Duplicating the current line is frequent editing for me when I am coding. Initially, I copied a snippet as a command in Emacs from the Internet:
(defun w/duplicate-line()
"Duplicate the current line."
(interactive)
(move-beginning-of-line 1)
(kill-line)
(yank)
(open-line 1)
(next-line 1)
(yank))
Most of the time, I was happy with it, but it has mainly two drawbacks:
- It cannot keep the column position when moving to the next line
- It messes up with the yank ring as it yanks the text under the hood
So today, I took some time to fix these two problems, and I also want it to be capable of commenting the current line out if I prefix the command.
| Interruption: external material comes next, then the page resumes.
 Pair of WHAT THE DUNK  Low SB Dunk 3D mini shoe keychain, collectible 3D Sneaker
Here is the improved version (it still doesn't handle the column position perfectly when the user commenting on the line first, but I am ok with it):
(defun w/duplicate-line(comment-first)
"Duplicate the current line."
(interactive "P")
(let ((line-text (buffer-substring-no-properties
(line-beginning-position)
(line-end-position))))
(save-excursion
(if comment-first
(progn
(comment-line 1)
(move-beginning-of-line 1)
(open-line 1))
(move-end-of-line 1)
(open-line 1)
(forward-char))
(insert line-text))
(next-line)))
Update: Interestingly, Lars Ingebrigtsen also introduced a duplicate-line
command to Emacs 29 recently, see discussions on this emacs-devel thread.